Yesterday, my husband and I celebrated our thirteenth wedding anniversary. And by celebrated, I mean we made grilled cheese sandwiches for the kids and then fell asleep before ten o’clock.

We’ve been married thirteen years. We’ve been parents for four. For the first nine years, every anniversary was enthusiastically celebrated – dinner, drinks, gifts. For the last four, the celebrations have been a little more quiet – mac and cheese and early bedtimes. It’s not that we don’t want to celebrate – we do – it’s that we simply don’t have the energy (nor do we have a babysitter, but that’s another story). With two small, sleep-averse children, any free time that we have is usually spent power-napping. Who has the will to dress up and sit in a restaurant when you could just fall asleep on the sofa, a cold slice of delivery pizza clutched in your hand?

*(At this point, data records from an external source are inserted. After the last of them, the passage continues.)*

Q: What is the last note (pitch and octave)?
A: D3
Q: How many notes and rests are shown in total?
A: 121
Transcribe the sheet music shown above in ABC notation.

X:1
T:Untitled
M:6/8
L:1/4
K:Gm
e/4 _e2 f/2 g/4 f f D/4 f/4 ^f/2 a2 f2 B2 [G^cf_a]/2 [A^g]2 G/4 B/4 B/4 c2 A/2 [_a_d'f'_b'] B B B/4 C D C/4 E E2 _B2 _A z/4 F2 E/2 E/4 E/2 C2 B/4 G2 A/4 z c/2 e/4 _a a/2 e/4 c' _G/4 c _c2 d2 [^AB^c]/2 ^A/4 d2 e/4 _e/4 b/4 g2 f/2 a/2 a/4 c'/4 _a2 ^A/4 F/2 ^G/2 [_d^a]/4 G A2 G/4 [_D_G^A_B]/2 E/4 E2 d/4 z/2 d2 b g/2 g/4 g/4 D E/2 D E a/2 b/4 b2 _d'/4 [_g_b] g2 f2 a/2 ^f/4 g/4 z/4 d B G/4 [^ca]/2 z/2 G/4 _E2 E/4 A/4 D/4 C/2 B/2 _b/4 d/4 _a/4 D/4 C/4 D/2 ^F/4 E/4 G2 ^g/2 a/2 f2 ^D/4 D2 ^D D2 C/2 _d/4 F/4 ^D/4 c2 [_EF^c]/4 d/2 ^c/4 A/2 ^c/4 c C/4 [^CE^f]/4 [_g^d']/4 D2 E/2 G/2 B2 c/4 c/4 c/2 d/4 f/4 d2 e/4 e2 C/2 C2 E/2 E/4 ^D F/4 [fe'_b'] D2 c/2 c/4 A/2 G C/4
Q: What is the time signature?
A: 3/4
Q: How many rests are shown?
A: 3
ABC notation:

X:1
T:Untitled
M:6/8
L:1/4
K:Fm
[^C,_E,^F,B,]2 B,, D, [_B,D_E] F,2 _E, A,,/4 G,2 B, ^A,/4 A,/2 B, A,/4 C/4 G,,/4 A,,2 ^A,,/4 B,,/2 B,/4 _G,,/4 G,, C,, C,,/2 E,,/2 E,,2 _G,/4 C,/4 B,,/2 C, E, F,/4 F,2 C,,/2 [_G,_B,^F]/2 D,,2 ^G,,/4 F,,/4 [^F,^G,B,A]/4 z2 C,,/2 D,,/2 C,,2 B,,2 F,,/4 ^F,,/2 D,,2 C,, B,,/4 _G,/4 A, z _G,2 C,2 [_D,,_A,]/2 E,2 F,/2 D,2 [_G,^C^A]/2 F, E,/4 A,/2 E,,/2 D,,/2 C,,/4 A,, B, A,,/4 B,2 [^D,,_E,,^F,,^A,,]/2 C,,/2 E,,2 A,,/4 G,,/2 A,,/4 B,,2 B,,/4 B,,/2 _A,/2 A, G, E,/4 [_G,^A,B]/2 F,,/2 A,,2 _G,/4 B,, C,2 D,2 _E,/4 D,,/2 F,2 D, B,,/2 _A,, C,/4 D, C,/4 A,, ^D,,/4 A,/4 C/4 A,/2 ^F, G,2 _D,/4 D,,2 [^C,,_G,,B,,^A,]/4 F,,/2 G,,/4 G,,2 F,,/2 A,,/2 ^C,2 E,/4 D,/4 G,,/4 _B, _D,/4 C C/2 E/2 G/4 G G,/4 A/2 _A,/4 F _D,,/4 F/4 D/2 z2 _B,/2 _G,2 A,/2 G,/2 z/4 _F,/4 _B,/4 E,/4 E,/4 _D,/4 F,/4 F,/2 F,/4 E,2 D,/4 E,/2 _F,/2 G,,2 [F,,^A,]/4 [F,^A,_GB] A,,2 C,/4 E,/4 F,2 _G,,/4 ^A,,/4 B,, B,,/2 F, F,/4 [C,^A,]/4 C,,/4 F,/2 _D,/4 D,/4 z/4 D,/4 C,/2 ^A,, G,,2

It’s been a hard year for us – and an exceptionally hard few months – and so the urge to just curl up in our pajamas is stronger than ever. But I think that the need for us to get up and get motivated to find some time for ourselves – as a couple, as two people who are more than just parents – is greater, in some respects than our need to rest. It’s easy to give in to the need to rest. But it’s also easy, in giving in to that need, to give up on other needs.

We’re tired. I’m tired. So tired.

Is there any such thing as a Vacation Fairy? A Dinner Date Godmother? Does the Great Pumpkin deliver spa getaway certificates, complete with nanny service? Because we need that kind of magic, stat.